OK, maybe it is possible to coach waking-up before the game starts, instead of waiting until the 2nd quarter.  But still, you cannot coach not-fumbling  3 times (twice in a couple of minutes).  You can’t coach not allowing pass-deflections that turn into interceptions – those will happen with short QBs, and that is what you get when you pick the smart but short QB (even if he is Drew Brees or Russell Wilson) over the not-as-smart but tall QB with the better arm.  You can’t coach never giving up a long-pass completion, or not falling for a flea-flicker pass by a left-handed wide receiver on 1st – & – goal from the 2 yard line.    And for sure you can’t coach not having almost all of those things happen in one single, mind-blowingly horrible quarter of a single game, a game where most of the time your team appears to be approximately the equal of the other team.  You can scream “Do not make mistakes” one thousand times a week, and that will not stop people from making mistakes.  Ask any Fortune 500 CEO.

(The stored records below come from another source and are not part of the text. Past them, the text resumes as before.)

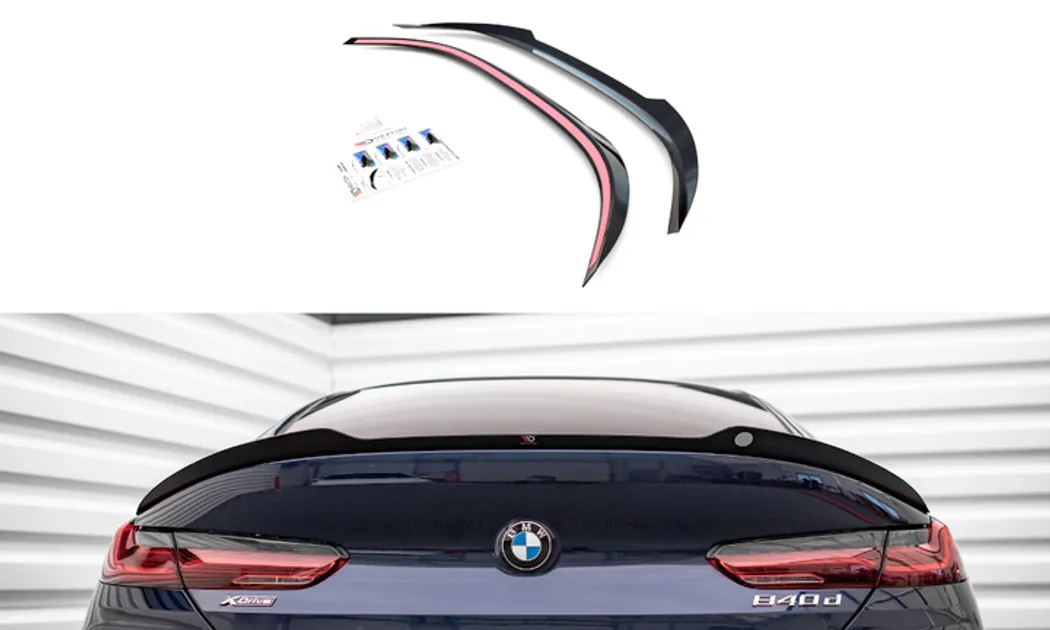 Maxton Design Spoiler Cap For G16 BMW 8 Series Gran Coupe M Pack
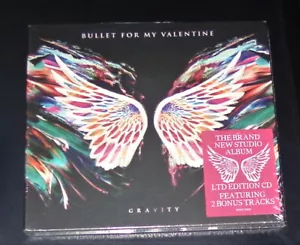 BULLET FOR MY VALENTINE GRAVITY LIMITIERTE CD IM DIGIPAK SCHNELLER VERSAND NEU - Bild 1 von 3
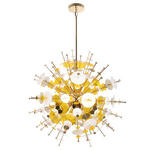 Превью фото №5  Подвесной светильник 10137/720 Gold Подвесной светильник LOFT IT Avenir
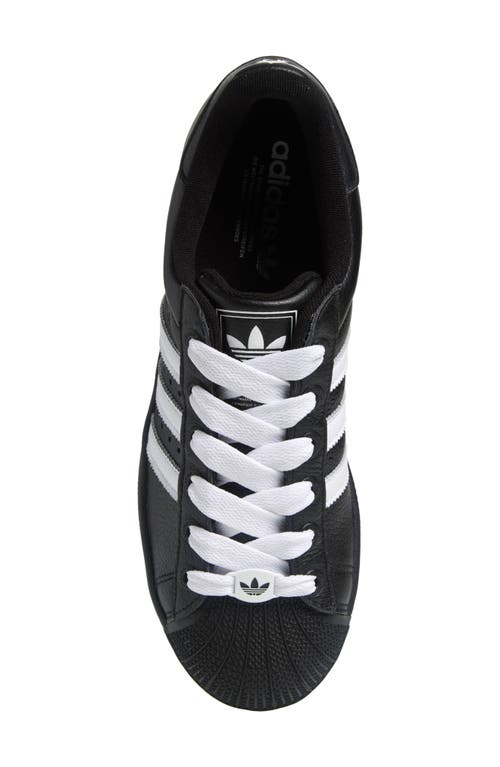Adidas Originals Adidas Gender Inclusive Superstar Ii Sneaker In Black/white/black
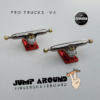 Fingerskateboard skateboard fingerboard jump around fingerboardudstyr skateudstyr (3)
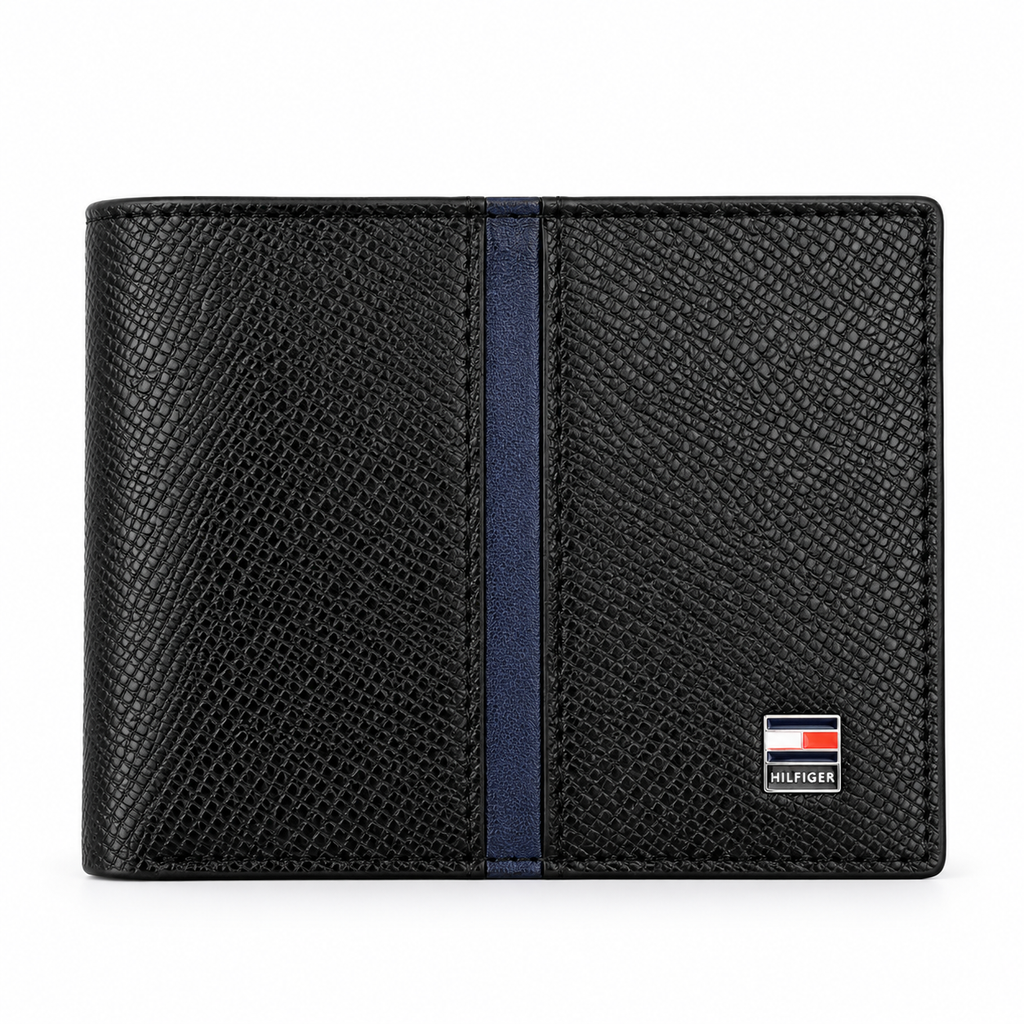 Tommy Hilfiger Men's Leather Mirror Wallet — No. 3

Here is what a competent coaching staff can accomplish:  (i) develop or steal good offensive and defensive systems; (ii) do a good job of developing game plans and calling plays during the game; and (iii) make certain that every member of the team has mastered every one of his potential assignments, so that he can carry out those assignments correctly, without hesitation, without penalties, without regard to the opponent, the score, the situation, the weather, or the color of his shoes.  If the coaching staff does that, then in a league of near-parity of player talent among the teams, most everything else involves either luck or a terrific quarterback.

At this point, it is not clear whether the Texans’ current roster is talented enough for it to be coached into a better record.  As for the deeply disrespected QB Fitzpatrick, while he is not a star and is not much of a threat with the long ball, he had a better completion percentage, more passing yards, fewer times sacked, more rushing yards, and even greater scrambling/rush-evasion ability than the heralded Roethlisberger.  It is hard to make the case that either of the Texans’ backup QBs – or for that matter, Blake/Teddy/Johnny or any other QB sufficiently flawed to have been available to the Texans last off-season –  could have done any better, especially considering the ease with which the Steelers’ pass-rush often seemed to baffle the Texans’ O-line. Especially if the coaches are right, that the inner beauty of the allegedly-complex O’Brien offense can be most-thoroughly achieved and exhibited, eventually, by a high-IQ quarterback.  Mr. Fitzpatrick might not be a swan, but maybe he is not such an ugly duckling.

Most likely, these Texans are mid-level talent laboring under mediocre (or maybe just inexperienced) coaching, and, until they can snag an elite-level QB, they are basically an 8/8 team that will be better or worse than .500 based only upon luck.  Maybe they are just under a black cloud at the moment.  The optimistic call is that pretty soon the O’Brien systems will be fully mastered by the players, and the talent and coaching are good enough for this to be a 10/6 team even without an elite QB.  Especially if their #1 draft pick finally becomes a regular player and plays up to his billing.  Maybe the main problems are not  so much with the O- and D- lines (a problem that is hardly unique to the Texans in today’s parity-driven NFL), or the QB, but rather with the residual lack of familiarity/mastery of the new coaches’ schemes, combined  with unusually  bad luck.  Maybe when Mr. Clowney finally debuts at whatever-they-will-call-his-position, the black cloud will finally depart Houston for, say, Indianapolis.